29. Nov. 2018
NATURBEOBACHTER AUS DER REGION
Wildgänse am Niederrhein bieten ein faszinierendes Schauspiel
Ruth Gestrich-Schmitz
Das oft sonnige Wetter lädt dazu ein, bei einem Spaziergang die herbstliche Natur zu genießen. Dabei hört man manchmal ein heftiges Geschnatter, und wenn man gen Himmel blickt, ziehen dort entweder Kraniche oder Wildgänse auf dem Flug zu ihren Winterquartieren über unsere Köpfe hinweg. Manch einen erinnert das an den Roman „Die wunderbare Reise des kleinen Nils Holgersson mit den Wildgänsen“ von Selma Lagerlöf. Die Vögel bilden dabei meist eine Keilformation, die ihnen hilft Energie zu sparen, indem sie den Windschatten des „Vordermannes“ nutzen. Unterscheiden kann man Kraniche und Wildgänse unter anderem daran, dass Kraniche deutlich größer sind und weniger Flügelschläge ausführen. Sie nutzen aufsteigende Winde, um sich nach oben zu schrauben, was man bei Wildgänsen nicht beobachten kann. Diese fliegen eher niedriger und schnattern, quäken oder quieken, während die Kraniche eher ein „erhabenes“ Trompeten („krru“ „krarr“ im Wechsel) von sich geben.

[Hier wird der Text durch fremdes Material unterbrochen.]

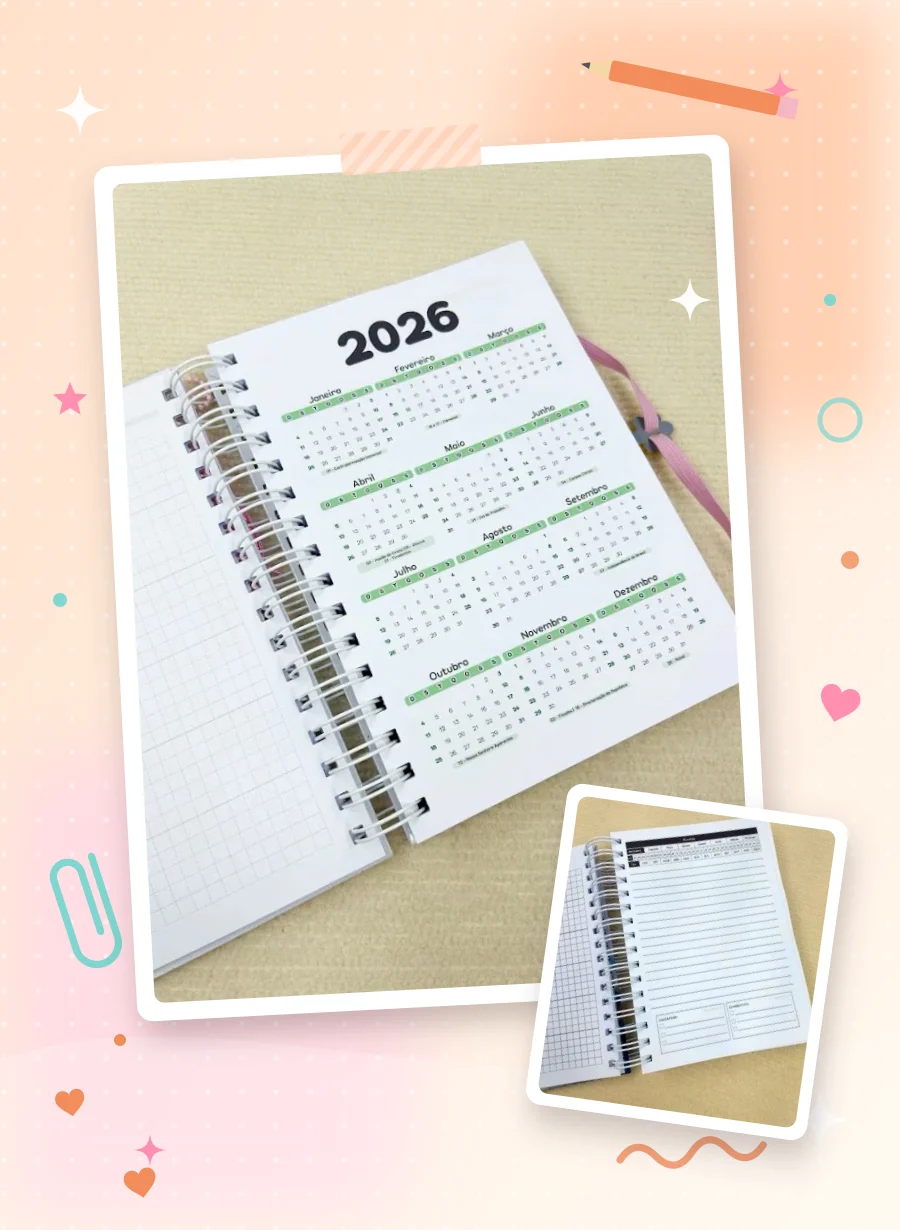 Planners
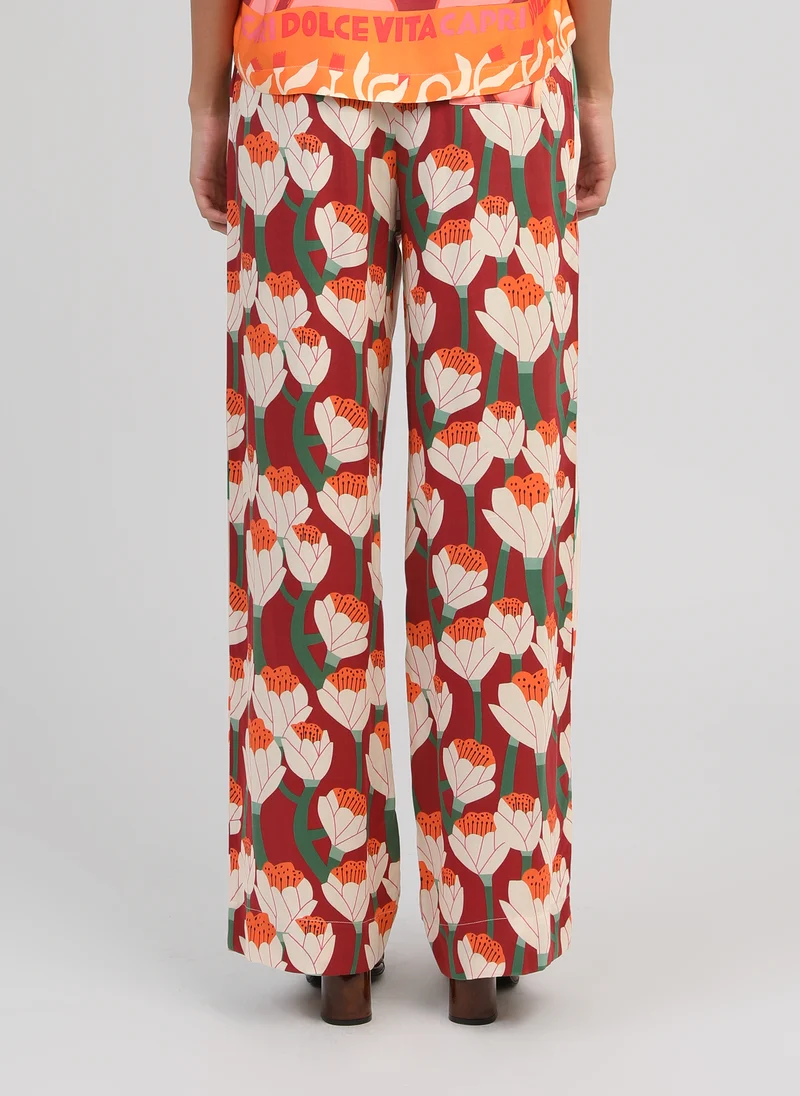 PANTALON RUDYLA bangor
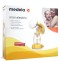 Medela Mini Electric Φορητό Ηλεκτρικό Θήλαστρο
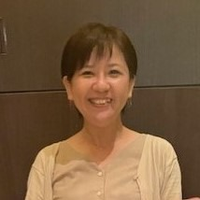 ハタ （採用担当）さんのプロフィール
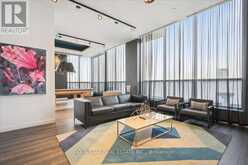 1510 - 20 THOMAS RILEY ROAD Toronto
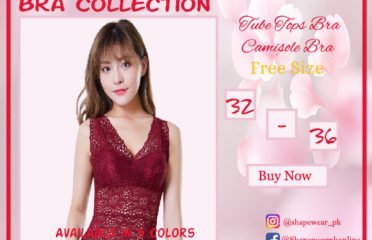 Shapewear Pk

Ende August begeben sich die Wildgänse von ihren sibirischen und nordskandinavischen Brutgebieten auf eine rund sechstausend Kilometer weite Reise zu ihren Winterquartieren bis nach Ostfriesland und an den Niederrhein. Ab November bevölkern bis zu einhundertachtzigtausend Blässgänse (Anser albifrons) und Saatgänse (Anser fabalis) die saftigen Wiesen und Weiden am Niederrhein. Hier finden die Tiere viel Raum mit genügend Nahrung und ein reiches Angebot von Gewässern. Wildgänse sind Pflanzenfresser und ernähren sich hier vor allem von Gras, gerne auch von Ernteresten auf abgeernteten Mais- und Zuckerrübenfeldern. Da die pflanzliche Nahrung wenig Energie enthält und schnell vom Körper verwertet wird, müssen Gänse sehr viel fressen. Deshalb sind sie gezwungen, während ihrer Reise bis zu zweiwöchige Zwischenstopps einzulegen, um ihre Fettreserven wieder aufzufüllen. Fliegen sie mit Rückenwind, sparen sie wertvolle Energie und gelangen so früher ans Ziel. Am Niederrhein angekommen, können sie nach Herzenslust schlemmen ohne gejagt zu werden, denn in NRW ist die Jagd auf arktische Gänse verboten. Selbst Landwirte dürfen nicht gegen sie vorgehen, wenn die Wildgänse sich über das Wintergetreide hermachen. Sie können vom Land NRW für Schäden einen finanziellen Ausgleich bekommen. Abends begeben sich die Wildgänse zum Schlafen aufs Wasser, wo sie vor Füchsen und anderen Bodenfeinden geschützt sind. Ab Ende Februar machen sich die Wildgänse wieder auf den Rückweg in ihre Brutgebiete. Gänse führen in der Regel eine lebenslange Dauerbeziehung. Das hat den Vorteil, dass keine Zeit für Balzzeremonien verloren geht, denn die Eis- und Schnee-freie Zeit in den arktischen Gebieten lässt nur wenig Zeit für eine erfolgreiche Brut. Vier Wochen nach der Eiablage schlüpfen die Küken. Ihnen bleiben sechs Wochen Zeit, flügge zu werden, um sich dann zusammen mit den Eltern auf den Weg ins Winterquartier zu begeben. Die Flugroute und das Ziel lernen die Jungvögel von ihren Eltern, sie sind nicht genetisch festgelegt.
„Das faszinierende Schauspiel tausender einfallender Blässgänse gehört mit zu den stärksten Natureindrücken am Niederrhein“, schreibt die NABU-Station Niederrhein und lädt alle Naturbegeisterten von Mitte November bis Ende Februar zur „Gänsesafari“ ein. Auch andere Organisationen wie die Biologische Station im Kreis Wesel und das Naturschutzzentrum im Kreis Kleve bieten Gänse-Exkursionen zu den Futter- und Schlafplätzen an. Wichtig ist den Veranstaltern dabei, dass die Gänse nicht gestört werden, denn Aufschrecken und damit verbundenes Auffliegen kosten die scheuen Tiere nur unnötig Energie. Neben den arktischen können dort auch andere Wildgänse wie heimische Graugänse oder seltenere Arten wie Weißwangengänse beobachtet werden.